### Exercise details
Each record that comes next should be output exactly; pictures do not belong in the copy.

### Provided information

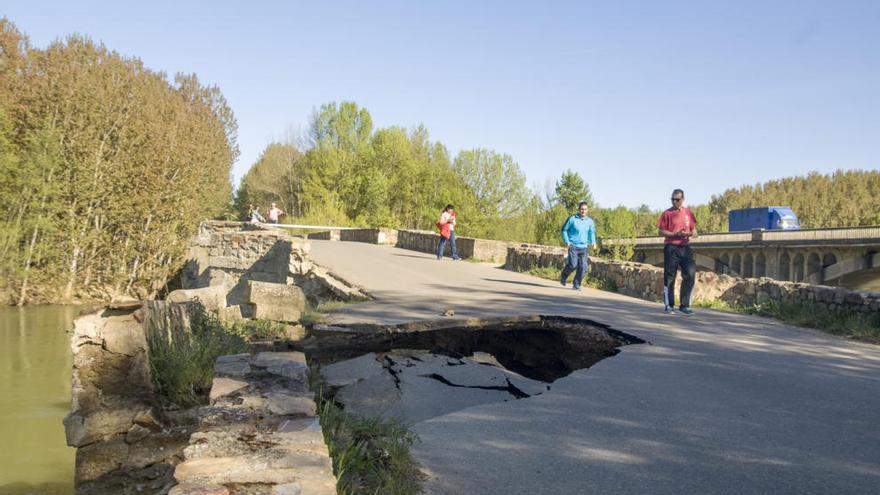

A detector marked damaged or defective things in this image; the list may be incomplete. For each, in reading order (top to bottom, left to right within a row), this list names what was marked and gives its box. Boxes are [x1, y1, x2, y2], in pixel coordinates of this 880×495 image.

cracked asphalt [308, 241, 880, 495]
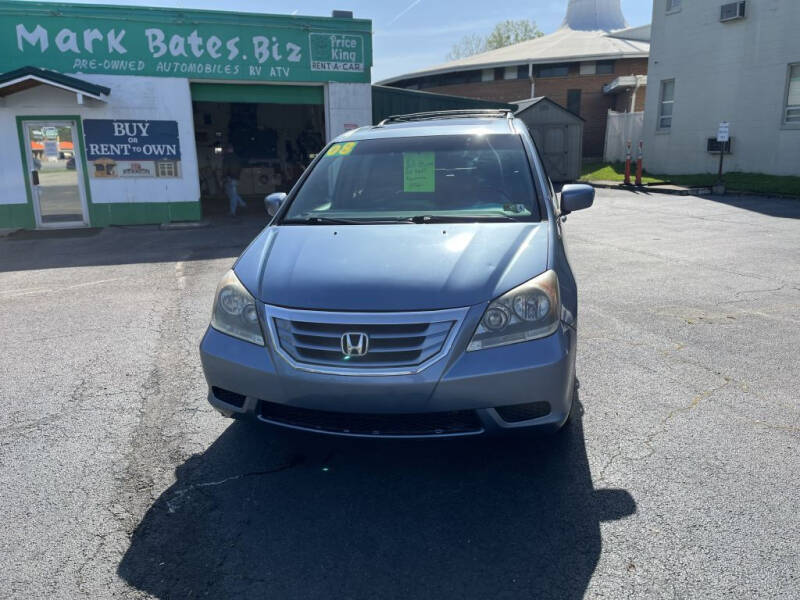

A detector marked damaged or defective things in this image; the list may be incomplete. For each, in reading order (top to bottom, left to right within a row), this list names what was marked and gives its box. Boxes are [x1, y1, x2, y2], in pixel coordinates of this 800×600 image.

cracked pavement [0, 191, 796, 596]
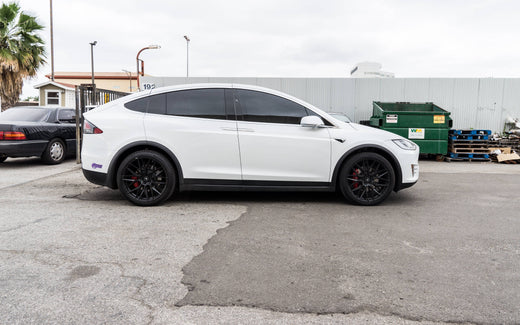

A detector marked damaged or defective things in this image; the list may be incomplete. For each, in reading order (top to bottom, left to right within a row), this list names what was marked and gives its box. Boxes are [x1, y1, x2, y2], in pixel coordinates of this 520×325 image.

cracked asphalt [1, 156, 520, 322]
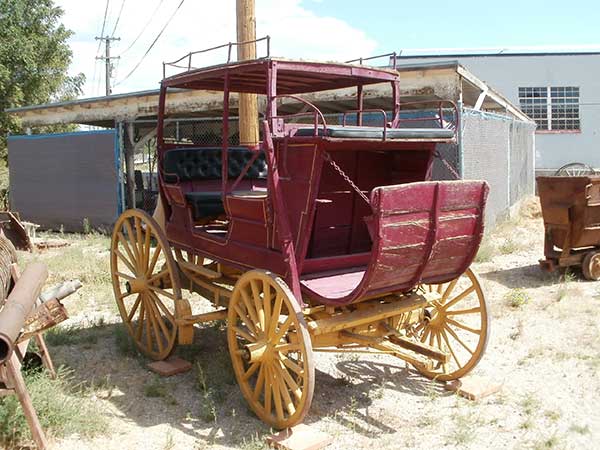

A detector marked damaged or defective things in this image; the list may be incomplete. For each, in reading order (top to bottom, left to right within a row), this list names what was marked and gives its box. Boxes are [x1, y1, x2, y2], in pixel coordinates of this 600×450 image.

rusted metal wheel [110, 209, 180, 360]
rusted metal wheel [227, 270, 316, 428]
rusty ore cart [110, 47, 490, 428]
rusted metal wheel [414, 268, 490, 382]
rusty ore cart [536, 175, 600, 278]
rusted metal wheel [580, 251, 600, 280]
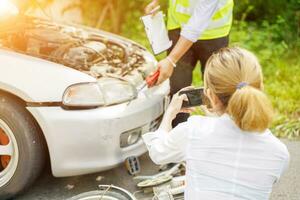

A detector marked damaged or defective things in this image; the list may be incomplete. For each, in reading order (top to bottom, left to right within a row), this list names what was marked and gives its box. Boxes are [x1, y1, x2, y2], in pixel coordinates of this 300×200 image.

### Expected answer
A detector marked damaged or defective things in this image; the list may be incomplete. For each, in reading order (top to bottom, left to right within a row), this list names what was marked and gives its box. Boxes are [x1, y1, x2, y2], in pixel coordinates of this 880×495 image.

cracked asphalt [308, 241, 880, 495]

A detector marked damaged or defective things in this image; the list may be incomplete. For each, in reading order (top to bottom, left to right within a row), this list names what was marked and gives its box. Boxes are [x1, y1, x2, y2], in pixel coordinates of this 800×600 image.

cracked pavement [0, 191, 796, 596]

A detector marked damaged or defective things in this image; the list may be incomplete. For each, in reading order (top to bottom, left to right within a row), this list names what was marked and gives its box. Boxes are [x1, y1, x2, y2], in pixel coordinates of this 520×325 image.

cracked asphalt [1, 156, 520, 322]

A detector marked damaged or defective things in this image; the list may be incomplete. For each, in reading order (top to bottom, left to right within a row), this list names what was marked and gives its box. Boxes are [x1, y1, x2, y2], in pixel coordinates of this 600×450 image.

rusted metal wheel [110, 209, 180, 360]
rusted metal wheel [227, 270, 316, 428]
rusty ore cart [110, 47, 490, 428]
rusted metal wheel [414, 268, 490, 382]
rusty ore cart [536, 175, 600, 278]
rusted metal wheel [580, 251, 600, 280]

A detector marked damaged or defective things in this image; the list may be incomplete. For each, in reading order (top to bottom, left to right within a row), this list names what was marked and gives its box. Boxes are [x1, y1, x2, y2], in pixel coordinates of this 300×200 image.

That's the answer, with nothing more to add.